Respondo a su saludo tratando de aparentar que todo me parece de lo más normal, que no veo su mirada perdida y húmeda, su sonrisa de dientes corroídos, su postura tambaleante, sus uñas negras, sus ropas sucias, sus brazos llenos de pequeñas cicatrices, como puntadas una detrás de la otra que recorren la línea de las venas. Como cuando en el colegio, después del silencio abrumador que seguía a aquellas tres palabras, “a mí, nada”, la maestra preguntaba a la siguiente niña y un rumor de suspiros aliviados recorría la clase, todas dispuestas a aparentar que no habíamos oído ni visto a Perea encogerse en su asiento con la mirada puesta en el pupitre.

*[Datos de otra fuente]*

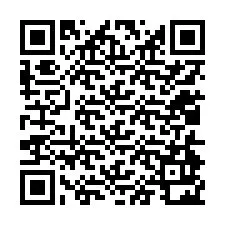 QR-code voor telefoonnummer +12014922156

- ¿Cómo estás, Remedios? – acierto a decir, desconcertada.
- Ya ves... – responde ella mostrándome con los brazos abiertos que no hace falta responder a mi pregunta, porque es evidente cómo está – Es que me hace falta dinero, a ver si me podías dar algo...

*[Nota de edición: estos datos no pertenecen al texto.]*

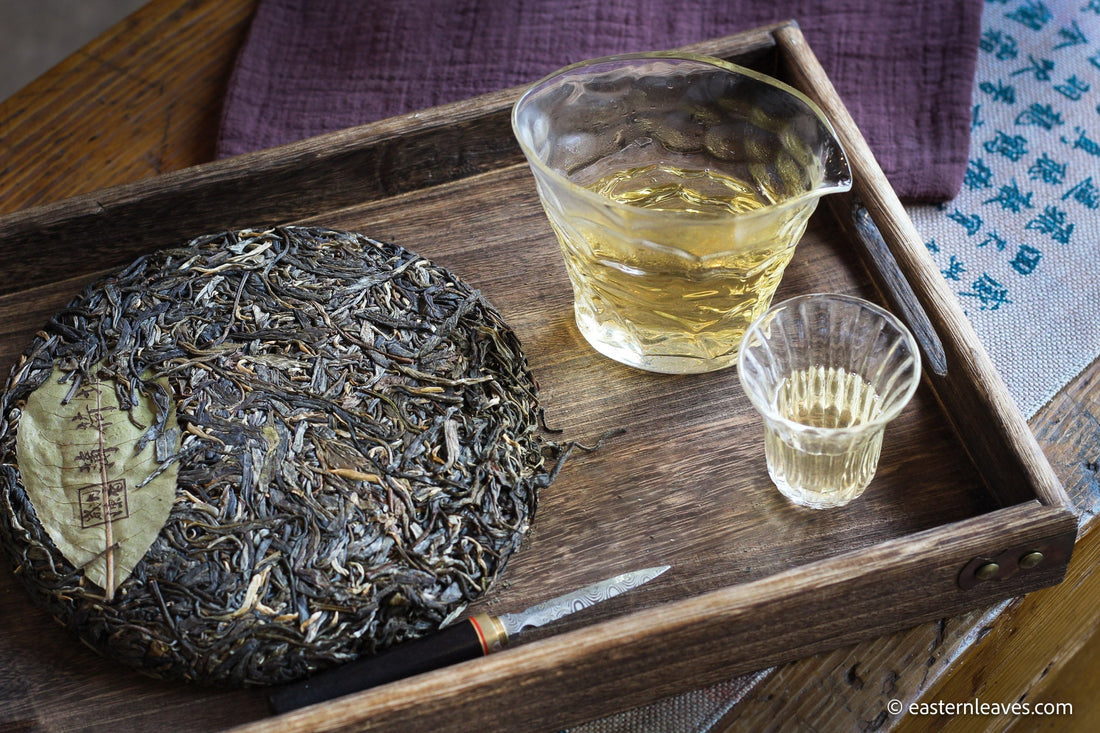 Aging Pu'er Tea: Rare Shengpu Selections - Berlin Tea Sunday, November 24th 4 - 6 pm - Eastern Leaves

- Sí, claro, pasa un momento.
Busco el monedero en el bolso que está sobre la banqueta de la entrada, avergonzada por no saber qué decir, ni cómo actuar, buscando algunas palabras que hagan más soportable el silencio, hasta que ella recurre a un balbuceante “qué fresquito se está aquí, con el calor que hace en la calle” para romper el hielo y dar pie a una pequeña conversación que haga más llevadero este momento.
Le doy algo de dinero, ella me lo agradece con su sonrisa llena de agujeros negros, le abro la puerta y siento otra vez la bofetada de calor de la calle. Entonces, mientras Remedios sale de mi casa con paso oscilante, mi voz me sorprende invitándola a tomar una Coca Cola. Ella se gira conmovida y, con sus ojos dulces por primera vez fijos en los míos, me dice “vale”.
Vamos a la cocina y nos sentamos. Me pregunta que qué hago ahora. Le cuento que he acabado la carrera, que estoy buscando trabajo, que no tengo novio. Ella me explica que se ha casado y que su marido está en la cárcel, pero que es muy bueno con ella, “lo que pasa es que la droga es muy mala”, susurra, con la mirada viajando hacia la nada. Hablamos de las niñas del colegio, del tiempo que hace que no nos vemos, y de la monja de canto, que nos hacía ir los fines de semana para ensayar. Al cabo de un rato, se levanta. “Me tengo que ir, pero a ver si nos vemos otro día”, me dice. “Cuídate”, respondo, abriéndole la puerta, escuchándola decir “gracias, eh, y perdona si te he despertado”. Vuelvo a la sala en penumbra, al sofá que el aire acondicionado ha mantenido fresco todo el tiempo, me tumbo, cierro los ojos, pero no duermo. Imagino a Remedios en la calle desierta, al sol, enfrentándose al calor asfixiante de esa tarde de agosto, mientras repito como un disco rayado tres palabras que se han quedado impresas en mi memoria: “a mí, nada”.